2. In order to support Virtual Machines on top of instances, partitions should be configurable on a per-interface base instead of per-host base. This allows the VM system to attach different interfaces (PCI PFs) to different VMs.
3. When the instance is updated, the tenant will get accurate status if networking on the machine has been reconfigured to use the new partition using configs_synced attributes that are part of the instance status. This flag will also influence the overall readiness of the instance that is shown in the state field: If networking is not fully configured, the instance will show a status of Configuring. Once networking is configured, it will move to Ready.
4. When the instance configuration is updated, the config_version field that is part of the Instance will get incremented.
5. On initial provisioning, the state machine will block booting into the tenant OS until the desired configuration is achieved.
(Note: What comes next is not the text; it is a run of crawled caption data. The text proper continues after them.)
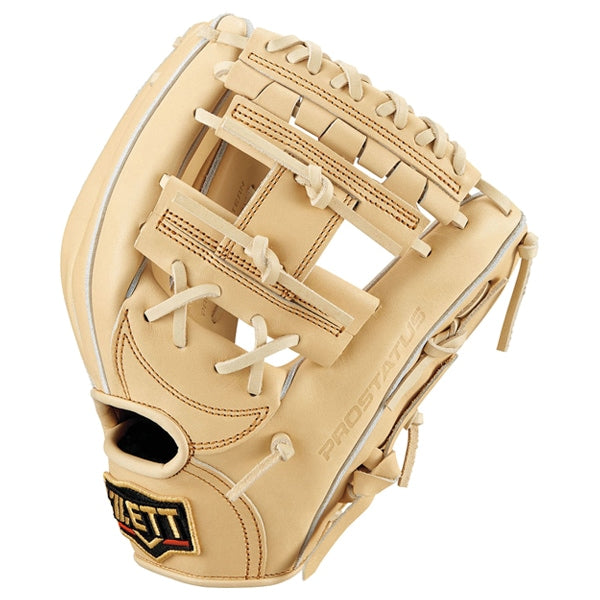 ZETT プロステイタス 軟式 内野手用 クロス締め/逆巻き ZETT内野手用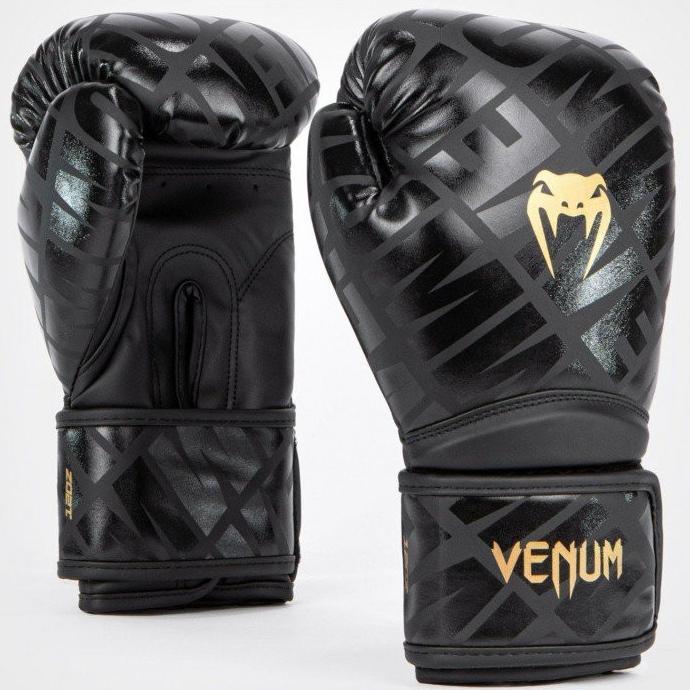 Gambar Venum Contender 1.5 XT Boxing / Muaythai Gloves - Black/Gold - 12 dari bobiww undefined Tokopedia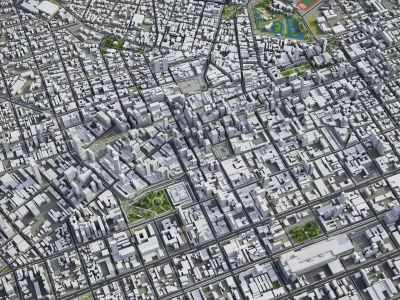 Curitiba Low-poly 3D model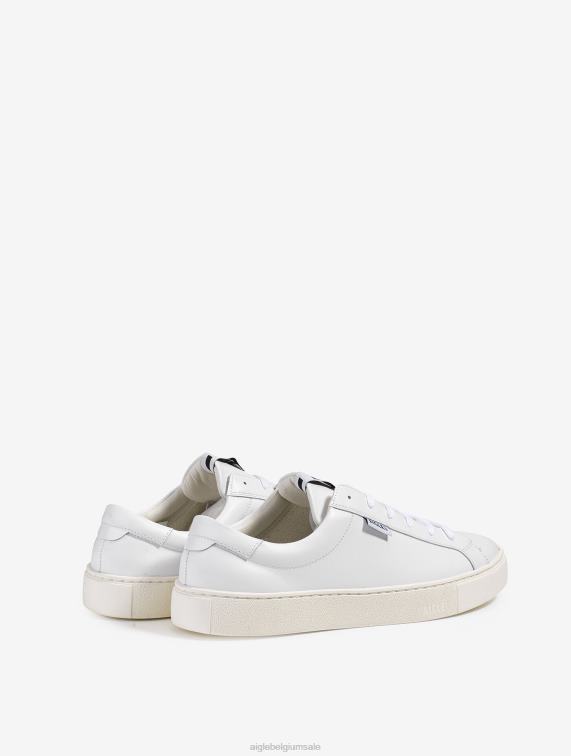 Heren schoenen blanco Aigle de tijdloze milieuvriendelijke sneaker J404Z308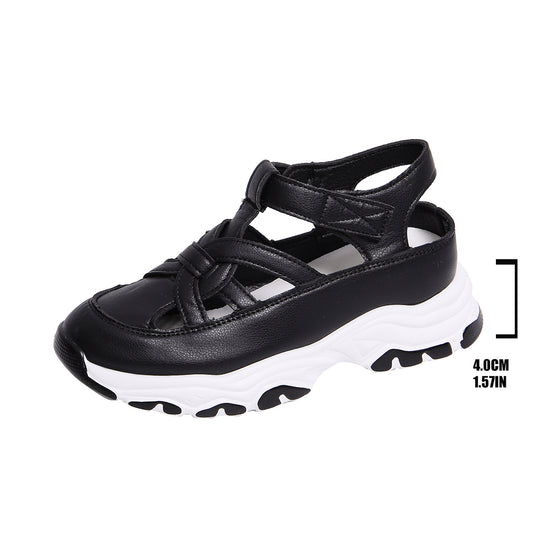 Damen Sneaker Sandalen mit komfortablem Riemendesign und atmungsaktiver Oberflächenstruktur R&B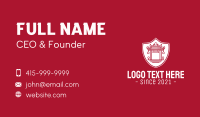 Asian Temple Shield Business Card Design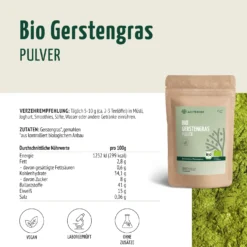 Bio Gerstengras Pulver (500g)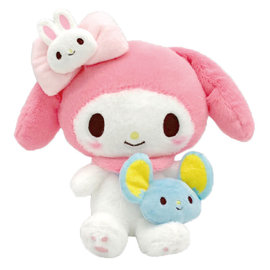 Sanrio Peluche - Sanrio Characters - My Melody Avec Sac Bandoulière Otomodachi Corde 8"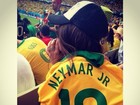 Rafaella Santos homenageia Neymar antes de jogo do Brasil: 'Te amo'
This guarantees that once the instance is booted, it can immediately communicate with all other instances of the tenant that share the partition.
6. On instance termination, the termination flow blocks on the until the networking interfaces are reconfigured to no longer be part of any partition (the instance is isolated on the network). That assures that once the tenant is notified that the instance is deleted, it is at least fully isolated and can no longer show up as a "ghost instance" - even in case the disk might not be cleaned up yet. The "desired" instance configuration that is submitted by the tenant and reflected in the InstanceConfig message will not change during that workflow. This means the system must also take another field in the machine object into account to switch from "tenant desired networking" to "isolated network".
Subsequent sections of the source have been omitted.